Prime Minister al-Maliki’s coalition is in a strong position, but atrocities may undermine it. Alliances between and across sectarian lines are in flux. Sunni voters are losing the habit of boycotts, thus stabilising politics and isolating insurgents. But it will take months to negotiate a new government and this could create further political, economic and security vacuums.
Electoral groundrules were only agreed after 10 fractious efforts, with eventual endorsement of open rather than closed lists so that voters can pick successful figures or reject crooks. They also agreed an ambiguous compromise to allow voting in Kirkuk where none happened at earlier provincial polls.
Saddam forcibly ‘Arabised’ this traditionally Kurdish province, which Kurds want back. Underlying this is a struggle over current management and potential control of Kirkuk’s huge oil and gas reserves. The lack of an agreed oil and gas law deters external investors who are key to increasing production. Iraq has the world’s third largest oil reserves but is only the 11th largest oil producer and relies on hydrocarbons for nearly all its revenues.
Some wrongly fear that a Kurdish Kirkuk could drive Kurdish independence and lethally unravel the borders which left Kurds in Turkey, Iraq, Iran and Syria as one of the largest stateless peoples.
Relations between Iraqi Kurds and Turkey have blossomed, however. Turkey trades extensively in Iraqi Kurdistan, recently opened a consulate and is improving Kurdish rights in Turkey. Ending the 25-year conflict with the PKK, which claimed 40,000 lives, seems possible.
But relations between Iraqi Kurds and some Arabs have plummeted. The Kurds suffered decades of Saddam’s genocidal policies but embrace a federal and democratic Iraq. Conflict could, however, escalate without a lasting deal on Kirkuk, in particular.
There is a dangerous gap based on cultural and ethnic differences, resentment and fear. Kurds see Baghdad building a strong central rather than federal state and constantly delaying agreed constitutional provisions to solve problems. Many in Baghdad favour a stronger state to deliver security, essential services and national unity. Improving Kurdish-Arab relations should be a major priority.
Meanwhile, extremists prefer bombs to ballots and seek to destabilise and divide. Massive bombs at several Baghdad ministries killed children plus civil servants vital to renewing Iraq. No one took revenge but further attacks are likely in the crunch period before elections.
The destablising ploys of some neighbouring countries fuel this dance of death. For political, strategic and ethnic reasons some neighbours are keeping Iraq on the boil and disrupting water supplies. They prefer Iraq as a consumer rather than a producer of goods.

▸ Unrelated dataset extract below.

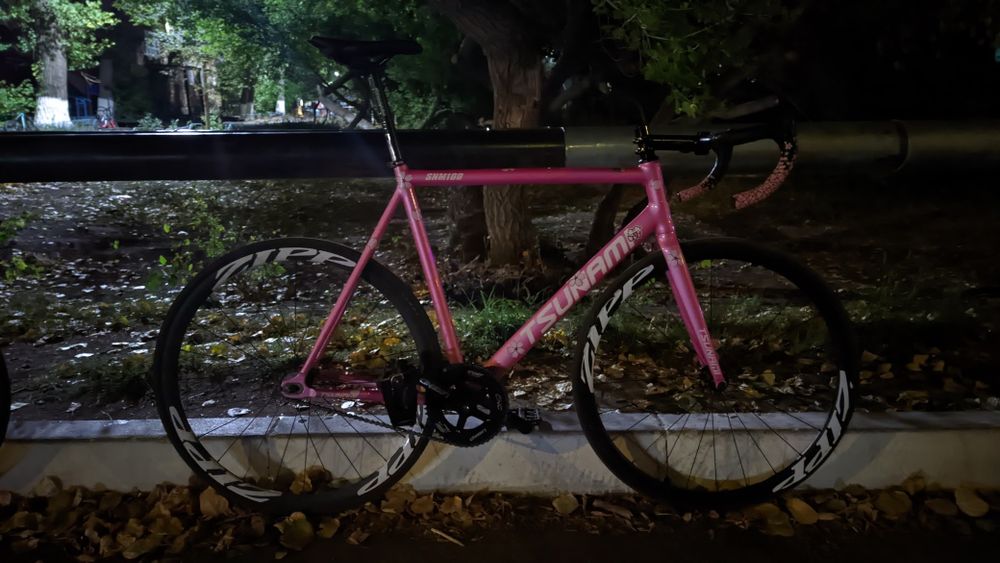 Tsunami snm 100 pearl pink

The stakes are colossal. Al-Maliki’s Islamic Dawa party says Iraq can be a beacon for democracy, freedom and moderation in the Middle East where tyrannies have bred poverty, backwardness and extremism in what should be one of the most prosperous parts of the world.
Iraq has slipped down the global agenda, but its struggle for democracy should be nurtured and its requests for international assistance to overcome decades of dictatorship heeded. We need strategic relationships with Iraq at government and popular levels, to encourage trade and investment and back the unions. The Chilcot inquiry should hear from Iraqis whose views are often sidelined. Iraq’s interests and ours are deeply connected.